В обоих случаях Густон решал крупные задачи. Его модернизм, как красноречиво выразилась Дора Эштон, был классического вида, «из цельного куска камня». Он черпал образы из Т. С. Элиота – еще образца «Бесплодной земли», «Полых людей» и «Четырех квартетов», а не того критика, чьи всплески англокатолического брюзжания станут обязательным репертуаром американских неоконсерваторов 80-х. Картины Густона в 70-х выражают примерно те же чувства отчуждения, посттравматической пустоты, мрачного и стойкого юмора и лирических видений спасения, которыми пронизаны работы Элиота 20-х годов. Такие же пейзажи с развалинами, накипью и отходами цивилизации – «Ночами кашляет над головой коза на поляне; / Камни, мох, лебеда, обрезки железа, навоз»[132] – были и у Густона, совпадало у них и ощущение жизни на фоне памятников, следов разваливающейся культуры на горизонте, у окраины высохшей равнины, видимой, но недосягаемой. Глядя, например, на картину «Улица», понимаешь, как все это связано. Это пейзаж после битв нью-йоркских банд или бомжей: пучок топающих шишковатых ног в ботинках против фаланги рук с крышками от мусорных ведер. Однако эта схема – похожая на фриз с процессией – вызывает в памяти римские саркофаги, а через них – «Триумф Цезаря» Мантеньи.
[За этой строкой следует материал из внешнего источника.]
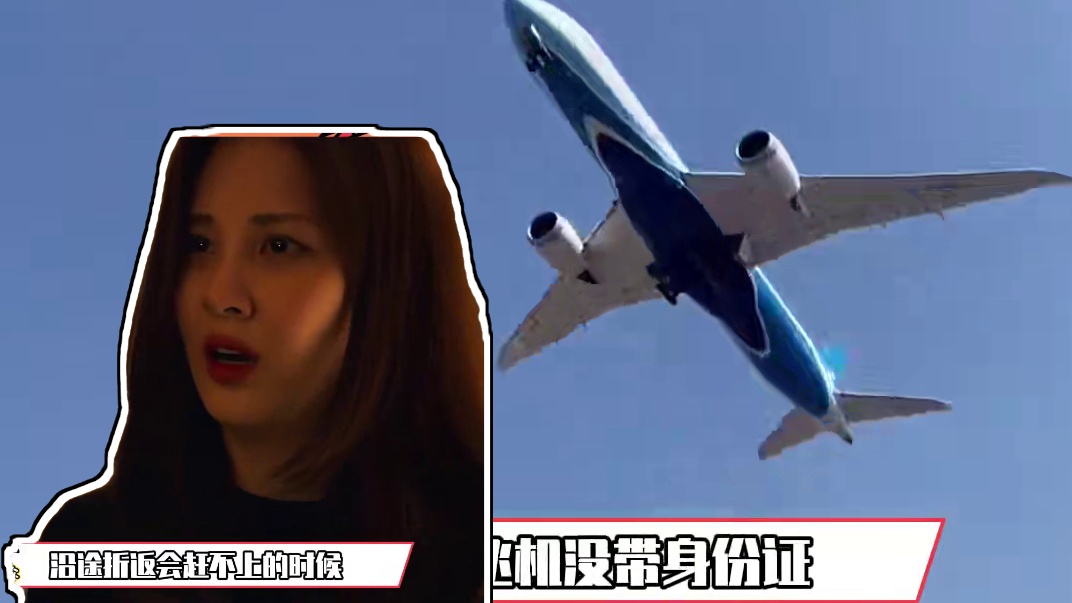 你是否要出门旅行呢，忘记带身份证也不要怕#旅游 #身份证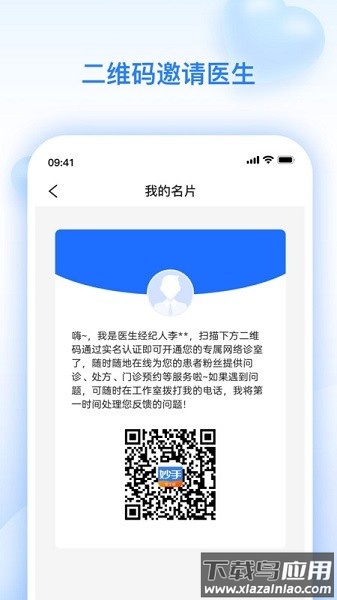 妙手医助最新版截图1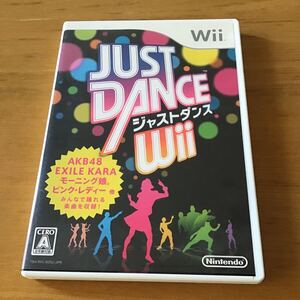 【Wii】 JUST DANCE Wii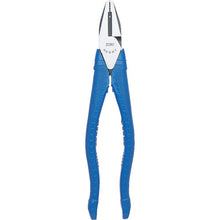 Load image into gallery viewer, Merry lightweight slim pliers (with hole) 210mm
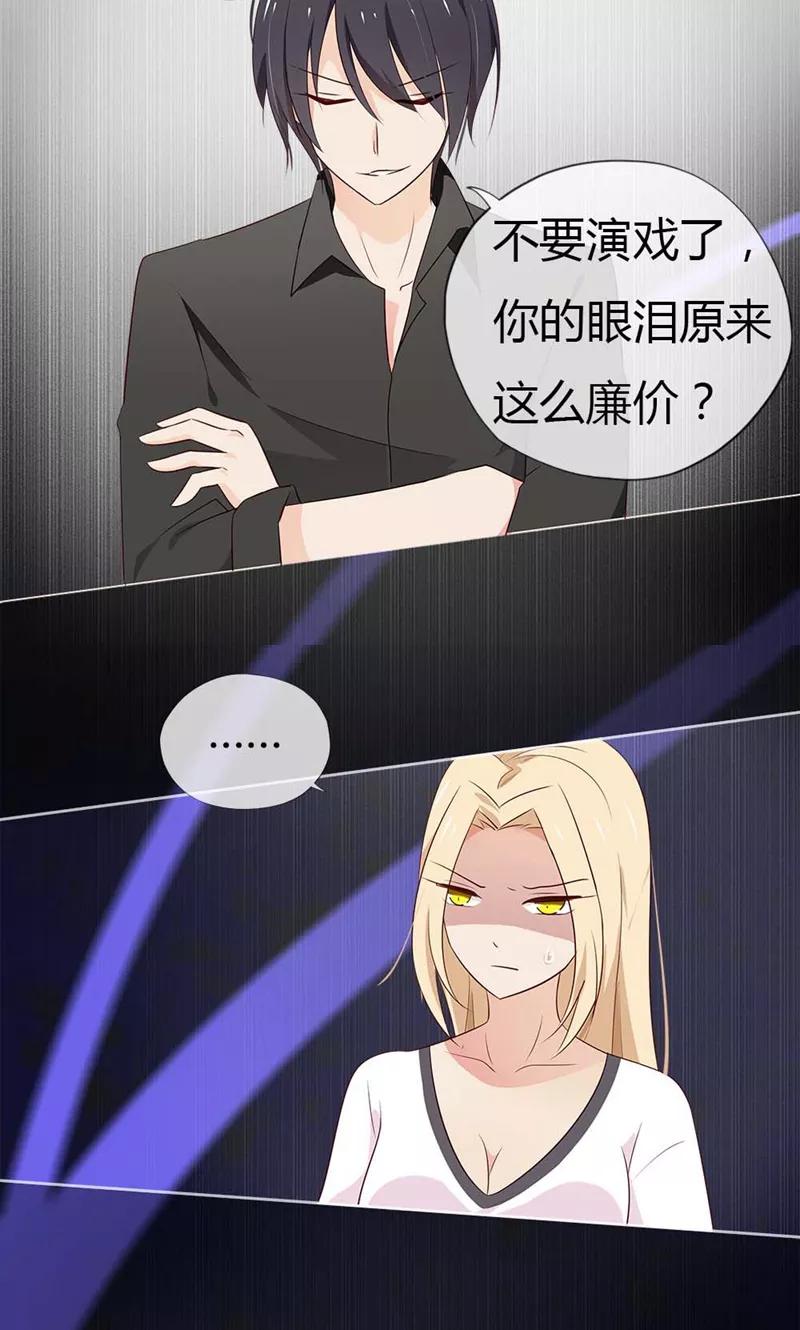 《亲爱的明星男友》第14话 你为什么不喜欢我？ 第8页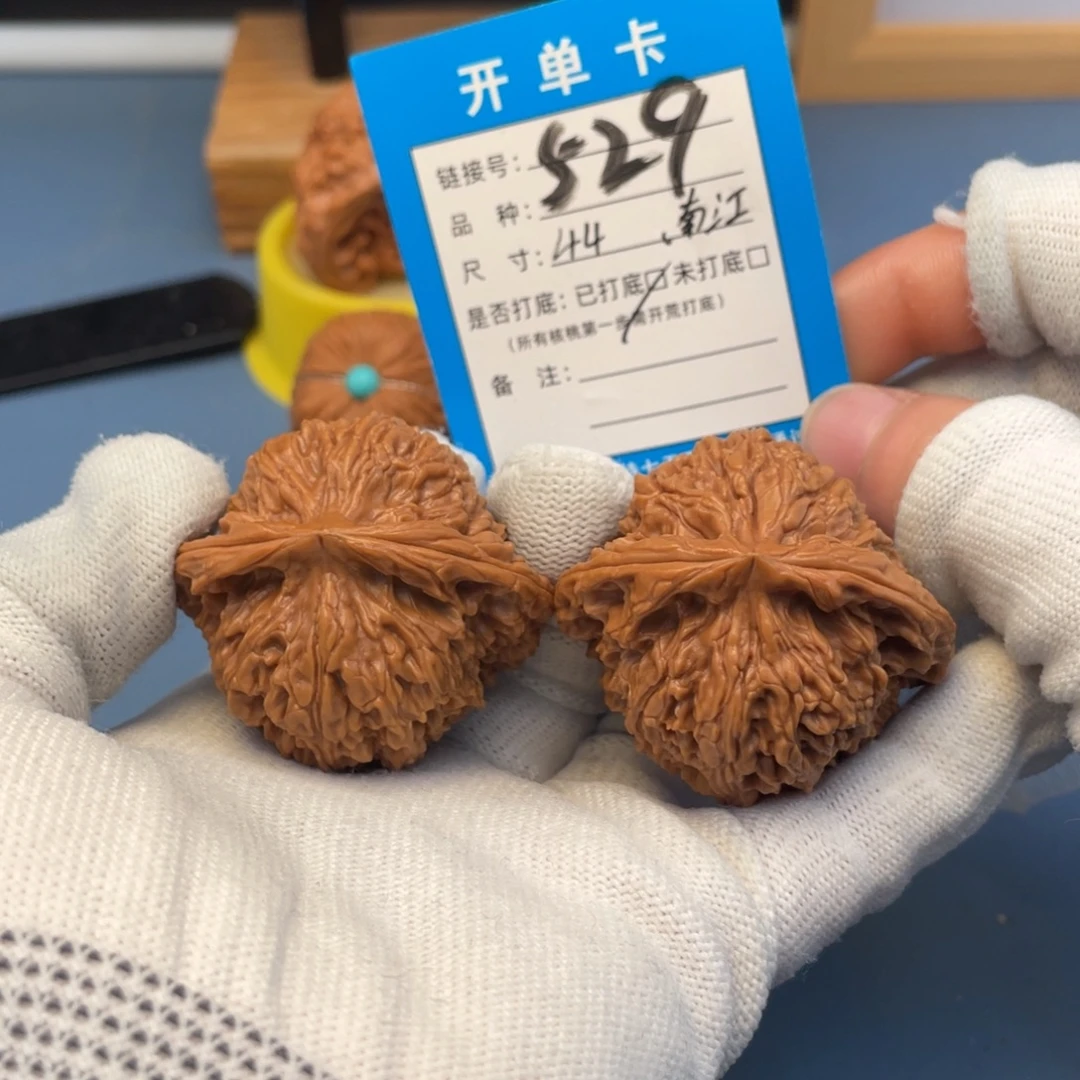 吊坠桃核文玩核桃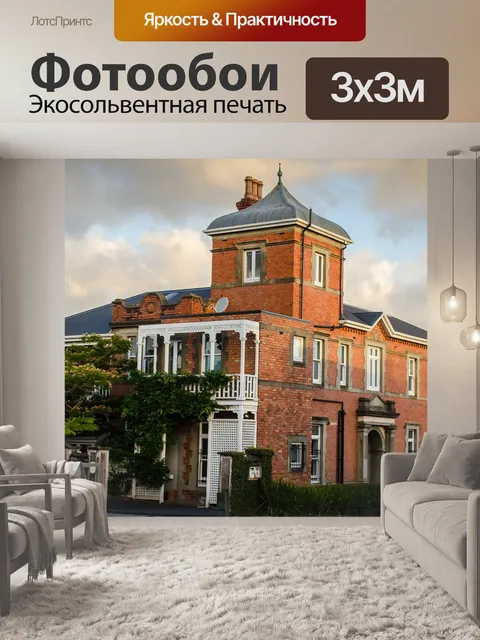 Фотообои Архитектура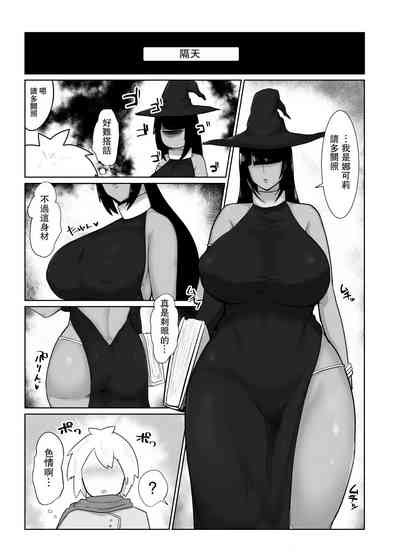 Party Ni Yatotta Mahoutsukai Ni Musekinin Tanetsuke Suru Hanashi Nhentai Hentai Doujinshi And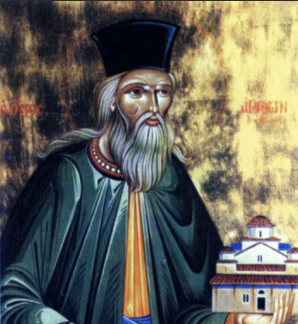 osios agathon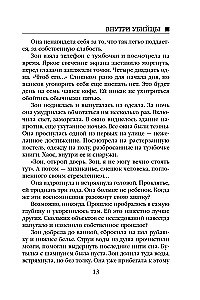 Внутри убийцы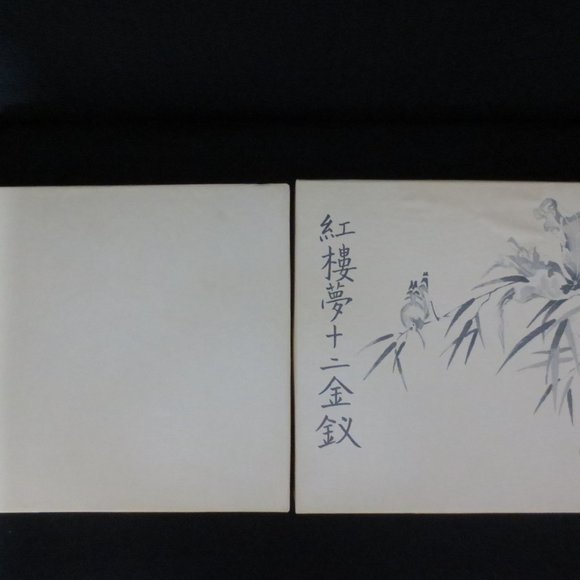 Imperial Jingdezhen Plate Chinese Porcelain Collectable Vintage #1 (B) - Picture 5 of 8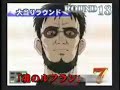 Trailer for D3's PS2 game Hisshou Pachinko Pachi-Slot Kouryoku Series Vol. 11: Shinseiki Evangelion - Magokoro o, Kimi ni.
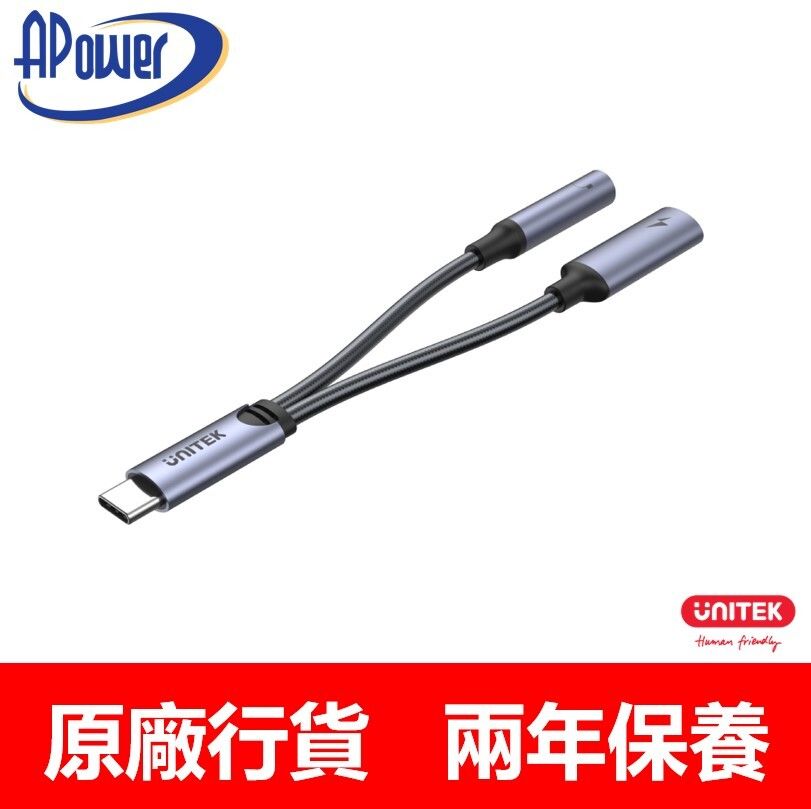 UNITEK | USB Type-C 1開2 3.5mm 耳機插口 & USB-C PD60W 分插線 | USB Splitter分線 ...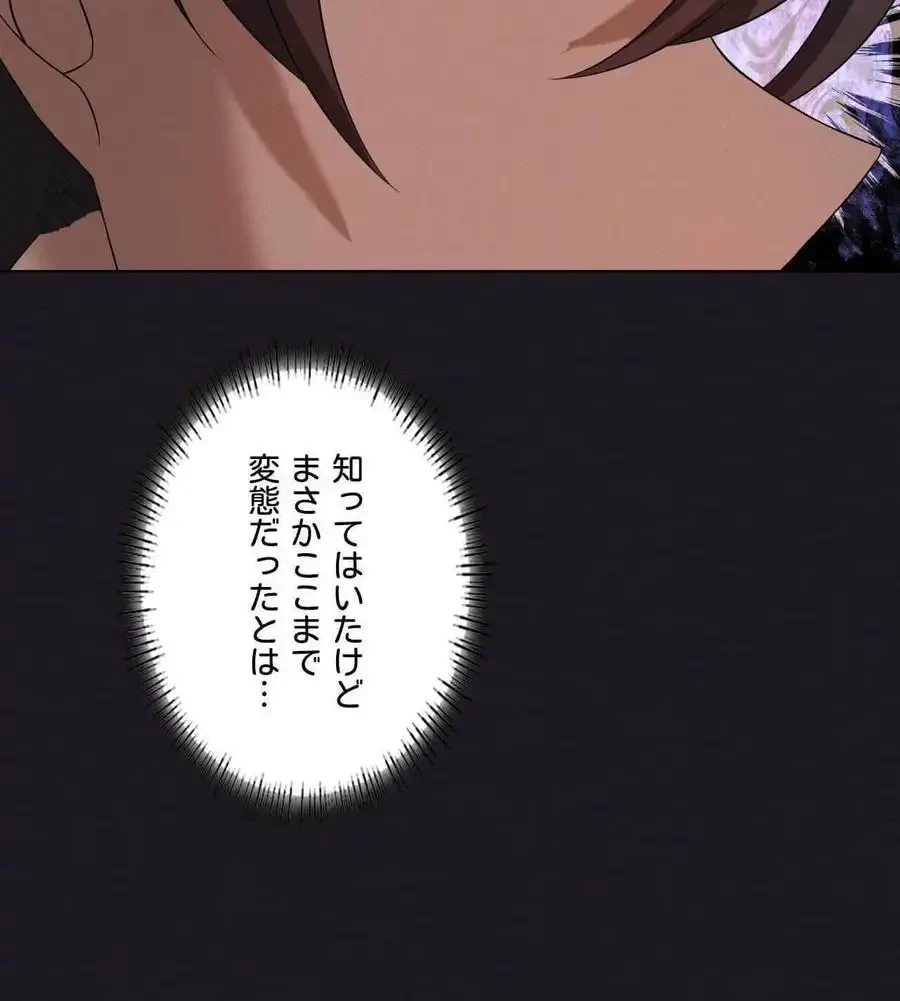 性長無限大！俺のレベルアップ計画 第64話 - 14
Крышки превращаются в классические щиты, а грубые ботинки (зритель видит лишь прибитые на гвоздях громыхающие подошвы) становятся подкованными копытами военных лошадей из «Битвы при Сан-Романо» Уччелло. Все это происходит довольно естественно – художник прибегает к цитатам из культуры, сохранение которой входило в круг его самых важных задач.